*** Source information Section Begins ***
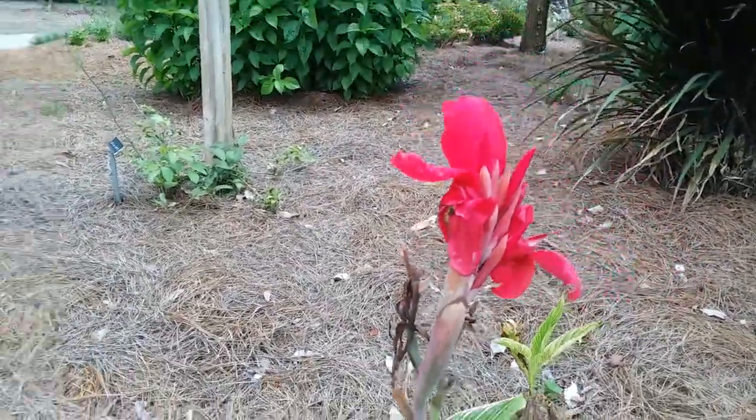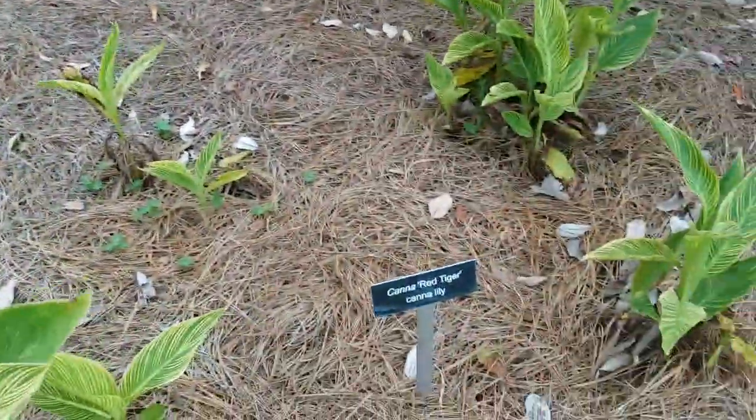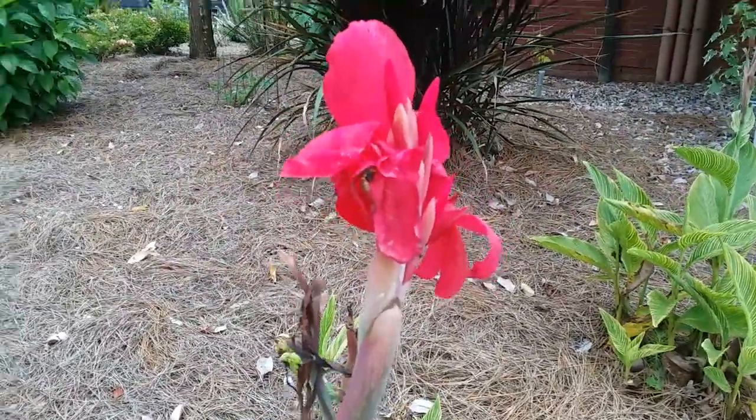July 8th, 2023. This is a — don't know what species — but it's called Red Tiger.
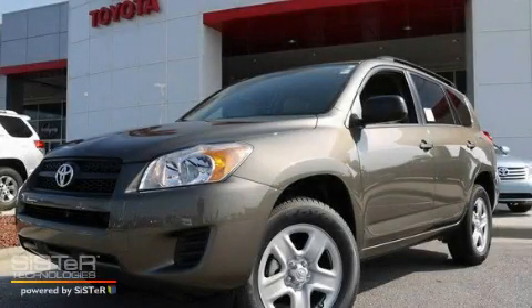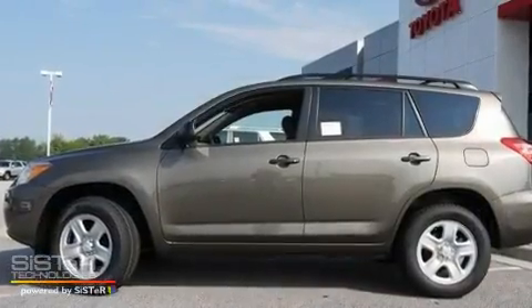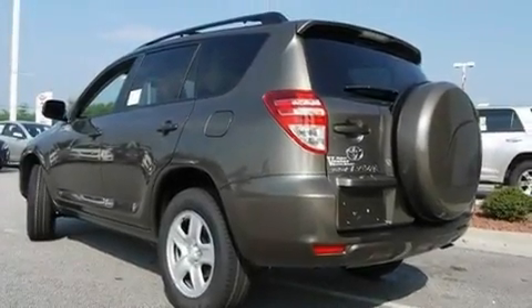This is a brand new 2010 Toyota RAV4 — safety, space, and comfort. It has a 2.5 liter 4-cylinder engine, a 4-speed automatic transmission, and 4-wheel drive.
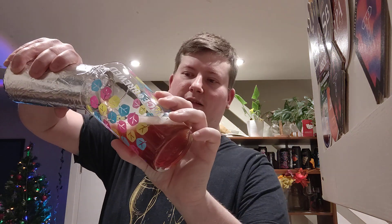Questionable colour ale. What is it going to be? I say a sour, and I'd probably be right.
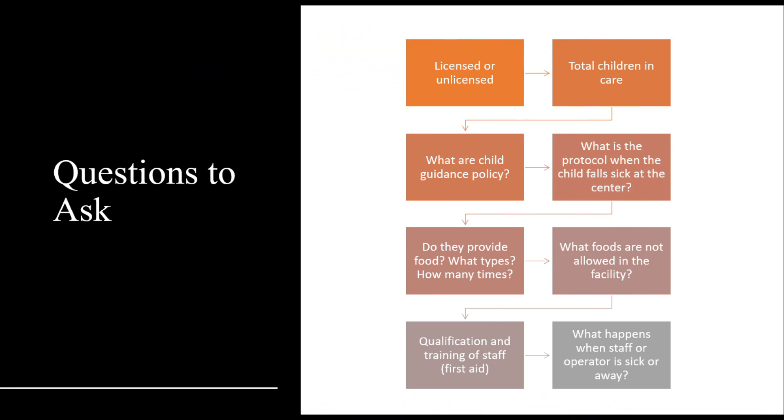There are some questions you may ask when you go to a child care center or facility to understand their policies and procedures. These are the basic questions to ask, and you can always build on the list. They are: Is the child care licensed or unlicensed? How many total children are in care? What are the child guidance policies? What is the protocol when a child falls sick at the center?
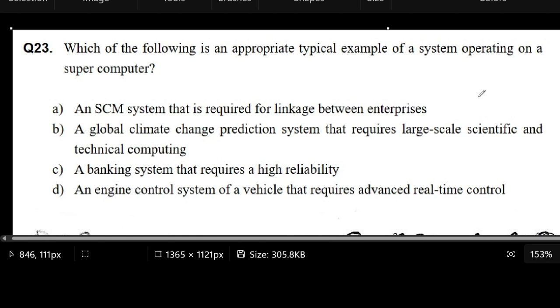Question number 23 of the IT Password Exam from Philnitz. In this question, we are being asked which of the following is an appropriate typical example of a system operating on a supercomputer?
*** Source information Section Ends ***
Your objective
All of the entries above must be reproduced exactly, and no image may be included.

Task answer
July 8th, 2023. This is a — don't know what species — but it's called Red Tiger.
This is a brand new 2010 Toyota RAV4 — safety, space, and comfort. It has a 2.5 liter 4-cylinder engine, a 4-speed automatic transmission, and 4-wheel drive.
Questionable colour ale. What is it going to be? I say a sour, and I'd probably be right.
There are some questions you may ask when you go to a child care center or facility to understand their policies and procedures. These are the basic questions to ask, and you can always build on the list. They are: Is the child care licensed or unlicensed? How many total children are in care? What are the child guidance policies? What is the protocol when a child falls sick at the center?
Question number 23 of the IT Password Exam from Philnitz. In this question, we are being asked which of the following is an appropriate typical example of a system operating on a supercomputer?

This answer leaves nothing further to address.